Sebi advised Malaysia’s IHH Healthcare to go ahead with its open offer to acquire 26.1 per cent market share in Fortis Healthcare after obtaining order from the Delhi High Court, the company stated.
In November 2018, IHH Healthcare had acquired 31.17 per cent stake in Fortis by infusing fresh capital of Rs 4,000 crore.
The company is waiting for a go-ahead to proceed with its stalled open offer to acquire an additional 26.1 per cent stake in Fortis.
The open offer, which was originally scheduled to commence on December 18, 2018 and close on January 1, 2019, entailing a total sum of Rs 3,300 crore, could not materialise due to a Supreme Court order.
The apex court in September directed the Delhi High Court to consider appointing forensic auditors to analyse the transactions entered into by Fortis and other related transactions.
“The Securities and Exchange Board of India (Sebi) has advised on November 16, 2022, that the Open Offers should be proceeded with after obtaining an appropriate order in this regard from the Delhi High Court. In view of this letter from the SEBI, IHH is obtaining advice from legal counsel on next steps,” Fortis Healthcare said in a regulatory filing.
Sebi on Thursday advised Malaysia’s IHH Healthcare to go ahead with its open offer to acquire 26.1 per cent market share in Fortis Healthcare after obtaining order from the Delhi High Court, the company stated. In November 2018, IHH Healthcare had acquired 31.17 per cent stake in Fortis by infusing fresh capital of Rs 4,000 crore.
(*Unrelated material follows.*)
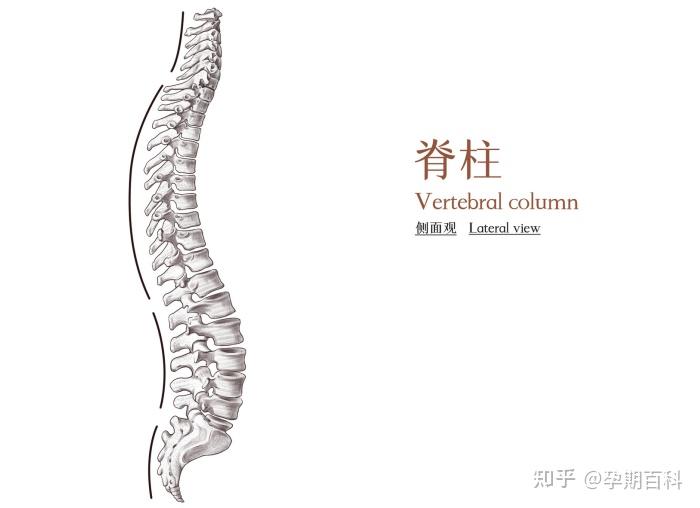 奚梦瑶产后脊柱错位女超模都无法避免普通孕妈怎么办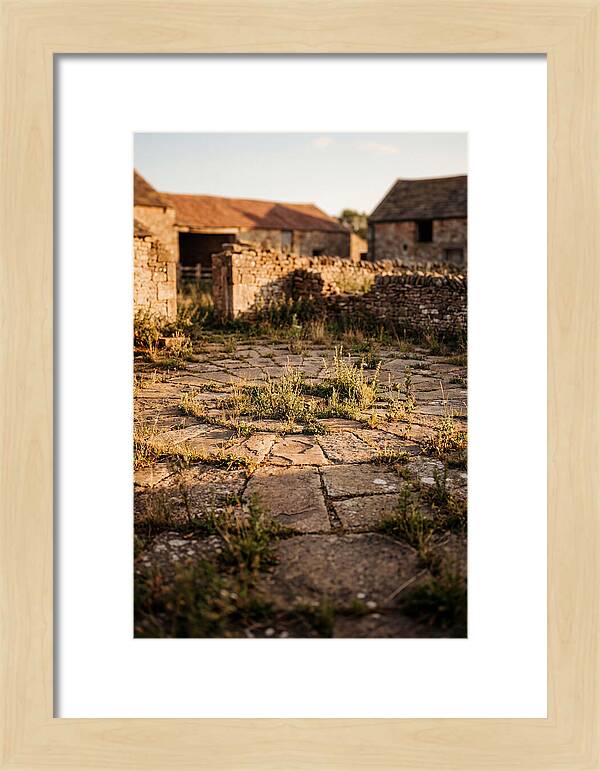 Stone Threshing Floor Circle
IHH reaffirms its commitment towards its investors and the India healthcare sector, and will make appropriate announcements in a timely manner, it added.
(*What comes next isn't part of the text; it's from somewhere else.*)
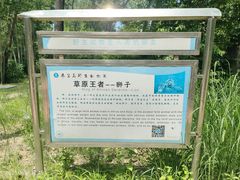 -秦皇岛野生动物园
Last week, IHH Healthcare stated that it is ready to proceed with its stalled open offer once capital markets regulator SEBI gives it a go-ahead.
IHH Healthcare Managing Director and CEO Kelvin Loh had stated: “With the recent Supreme Court judgement ruling making clear that we have conducted our investment into Fortis in a fair and transparent manner, we are discussing with Sebi to move ahead with the offer.”
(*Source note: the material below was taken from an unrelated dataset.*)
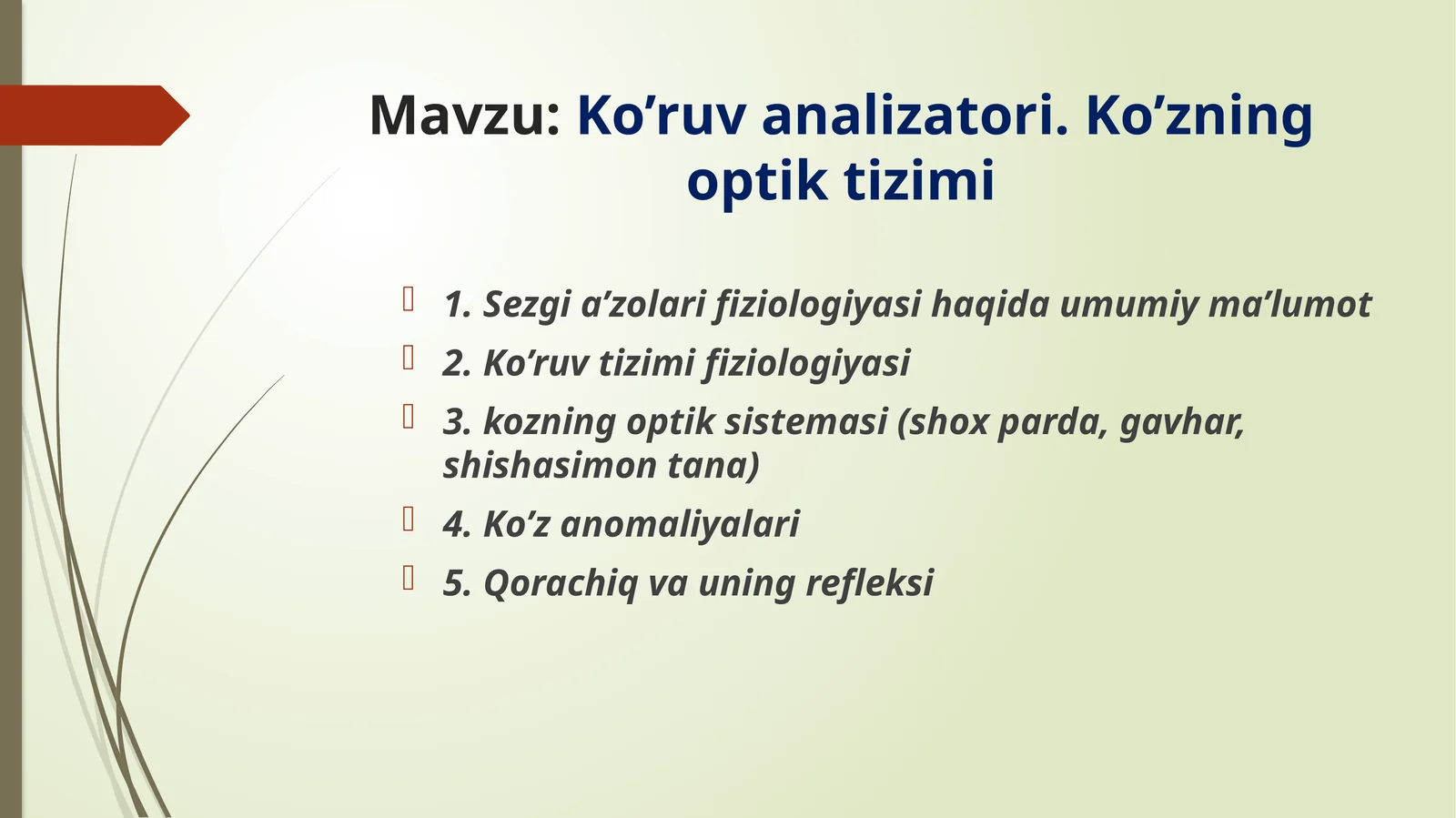 koʻz fiziologiyasi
IHH Healthcare noted that following the recent judgment of the Supreme Court of India, the Special Leave Petition, the Original Contempt Petition and the Suo Moto Contempt Petition are disposed of.
The IHH-Fortis deal got stuck due to a legal battle between Daiichi and the former promoters of Fortis Healthcare.
The former promoters of Fortis Healthcare, Malvinder Singh and Shivinder Singh, facing court battle after Japanese firm Daiichi Sankyo challenged the Fortis-IHH share deal to recover the Rs 3,600-crore arbitration award that it had won before a Singapore tribunal against the Singh brothers.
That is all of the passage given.